J is gone from my life. He was my best friend. We will probably never have another conversation. Even if we did, what really happened will be so mottled up that neither of us will see matters straight. How can we ever possibly sort out what is real? Once the moment is gone, memories get overlaid with other memories. Time changes conversations. It changes people. More experiences happen. Nothing is real anymore. There is just this story that we think happened sometime at some point. But what of it is really true? And how can we ever know? Stories within stories. Days, months, years pass. The story grows. I don’t know what’s real anymore. Did he say that? Did I do that? Did I allow that? Did he mean to hurt me? Did we mean to hurt each other? Why am I still hurting if I don’t even know what’s real anymore? How can any of us know? I feel my sanity slipping away. Nothing makes sense.
What do I really want here? I want J to know how much he hurt me. I want him to feel the hurt. I want him to feel the hurt he’s been through in his life. I want everyone to feel their own suffering so they can stop making others suffer. I want everyone to feel their own grief so I don’t have to feel it for them.
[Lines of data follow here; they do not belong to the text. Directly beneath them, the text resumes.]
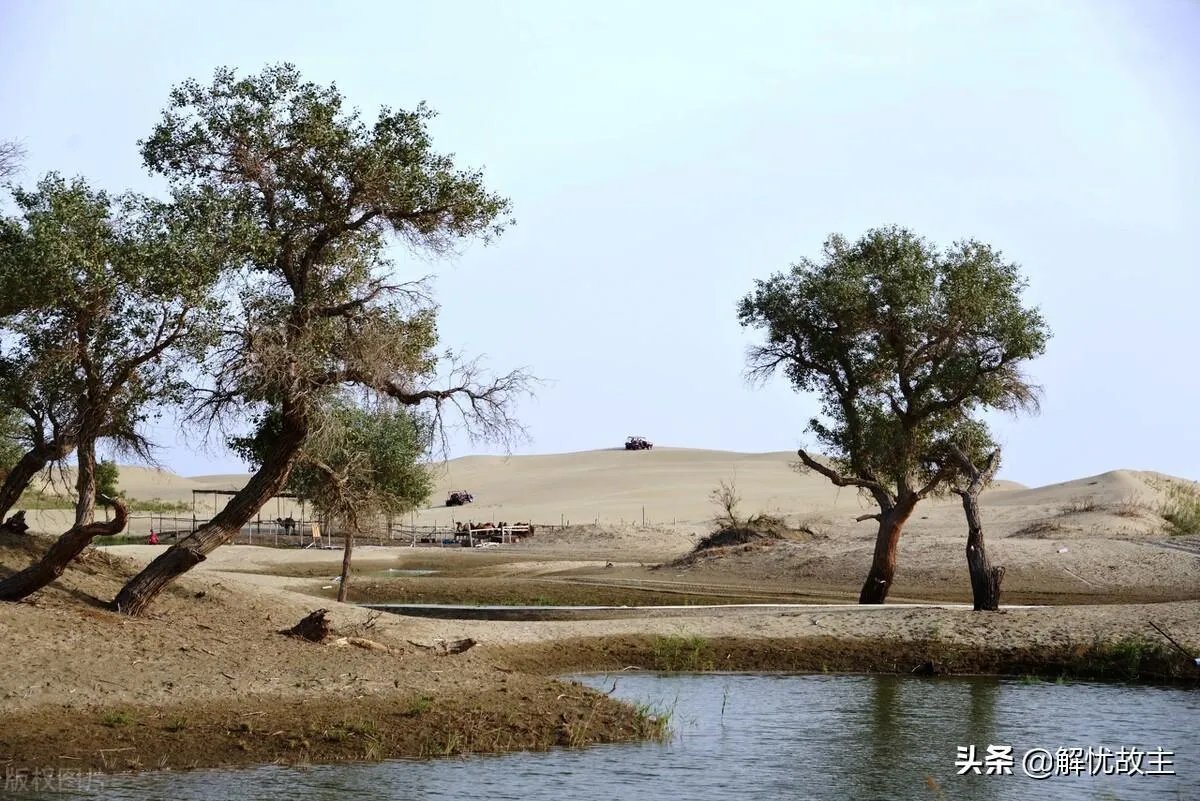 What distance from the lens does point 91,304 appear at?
17641 mm

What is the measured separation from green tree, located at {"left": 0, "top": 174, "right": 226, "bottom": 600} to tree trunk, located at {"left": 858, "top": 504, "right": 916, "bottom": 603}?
18194 mm

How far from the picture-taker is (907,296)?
98.6 feet

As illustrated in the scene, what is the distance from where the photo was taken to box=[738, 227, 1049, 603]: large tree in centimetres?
3034

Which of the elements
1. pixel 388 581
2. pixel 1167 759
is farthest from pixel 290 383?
pixel 388 581

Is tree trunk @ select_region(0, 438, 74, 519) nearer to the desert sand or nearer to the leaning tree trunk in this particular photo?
the desert sand

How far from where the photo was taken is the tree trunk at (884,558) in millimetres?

I don’t want to feel for other people anymore. I don’t want any more pain. I don’t want to walk into a room and have people tell me their stories, their pain, their grief. I don’t want there to be any more suffering. I want suffering to end. I want back my illusion that suffering will end. That there’s a god who cares. I want back my solution. I hate this helplessness. I hate this powerlessness I feel. To heal myself. To heal anyone else. We are all suffering. And we pass it on to our children and they onto theirs. To what end? Where does it end? I can’t make it stop. I want it to stop. All of it. I want the hurting to stop. For me. For everyone. And I can’t do it. How do I make it stop?